* Dataset records
-*-*-

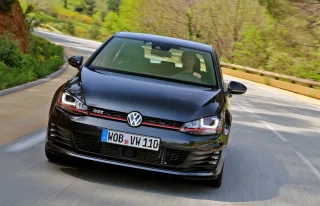 Хвалимо Volkswagen Golf GTI за прагнення бути всім і одразу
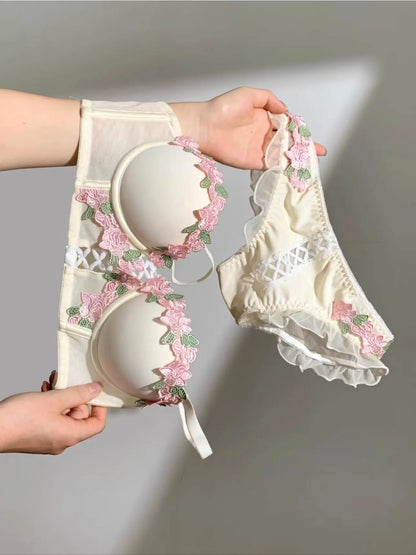 Sweet Innocent Japanese Style Lingerie Set Cute Soft Wireless Bra Gathered Push Up Thin Fabric Summer Lightweight Underwear S-XL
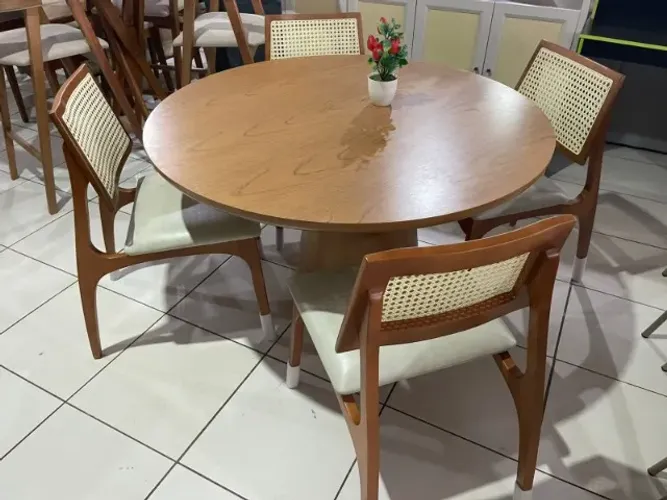 MESA REDONDA EM MADEIRA COM 4 CADEIRAS ASSENTO CORVIN ENCOSTO TELADO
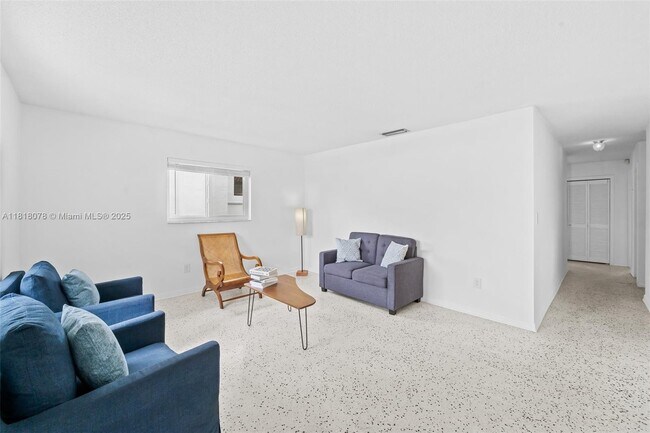5840 SW 42nd Terrace in Miami, FL - Foto de edificio - Building Photo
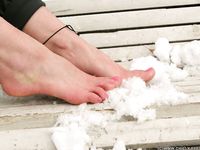 Feet - Natasha G - 2012-11-18 Barefoot in cold weather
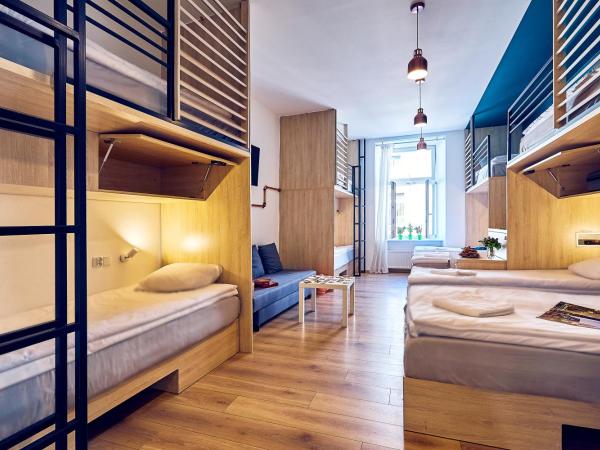 Draggo House : photo 4 de la chambre chambre familiale avec 2 salles de bains privatives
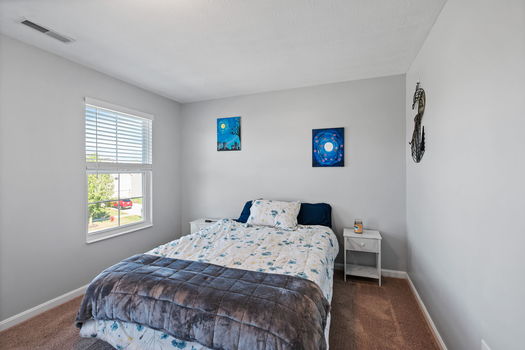 35-web-or-mls-4303 Hunting Hawk Dr (35 of 50)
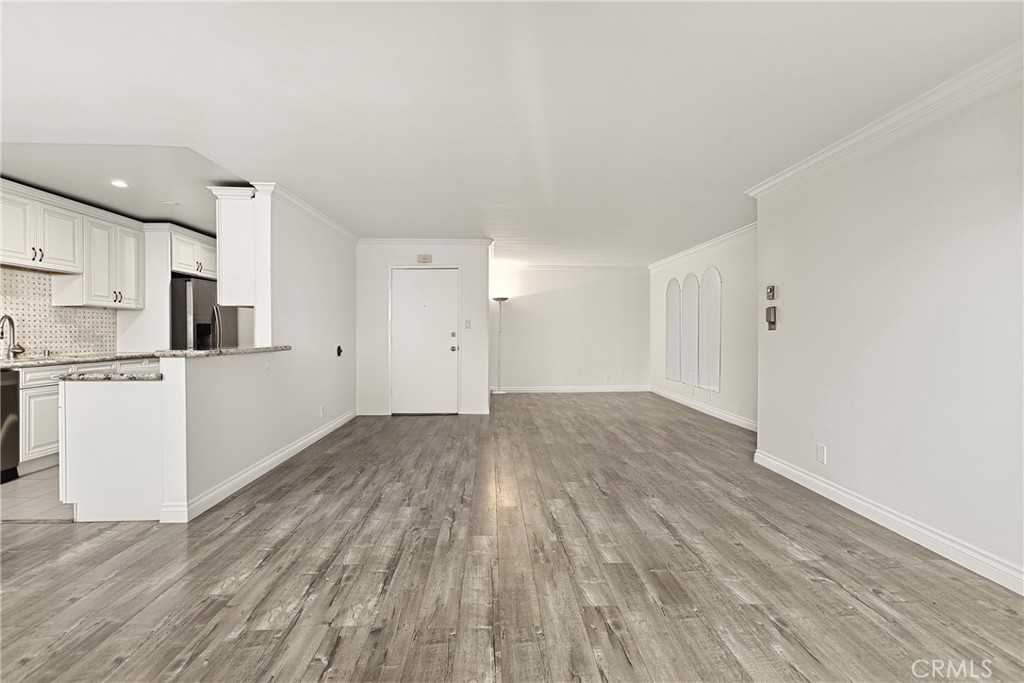 5403 Newcastle Avenue Property Photo 12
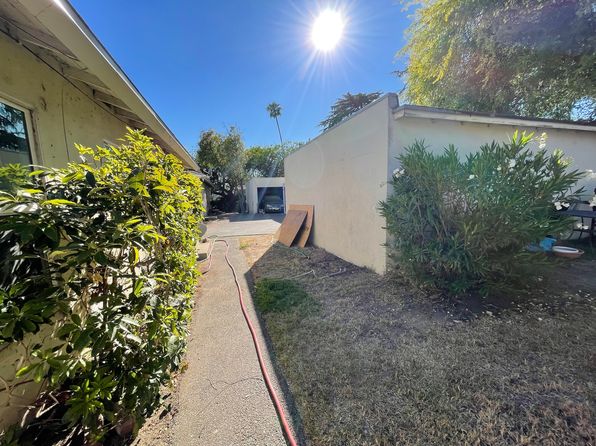 3048 Lincoln Ave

-*-*-

* Work task
An exact copy is needed of the lines running from the one with "5840 SW 42nd" through the end of the data above, and of those lines only, without pictures.

* Output for this exercise
5840 SW 42nd Terrace in Miami, FL - Foto de edificio - Building Photo
 Feet - Natasha G - 2012-11-18 Barefoot in cold weather
 Draggo House : photo 4 de la chambre chambre familiale avec 2 salles de bains privatives
 35-web-or-mls-4303 Hunting Hawk Dr (35 of 50)
 5403 Newcastle Avenue Property Photo 12
 3048 Lincoln Ave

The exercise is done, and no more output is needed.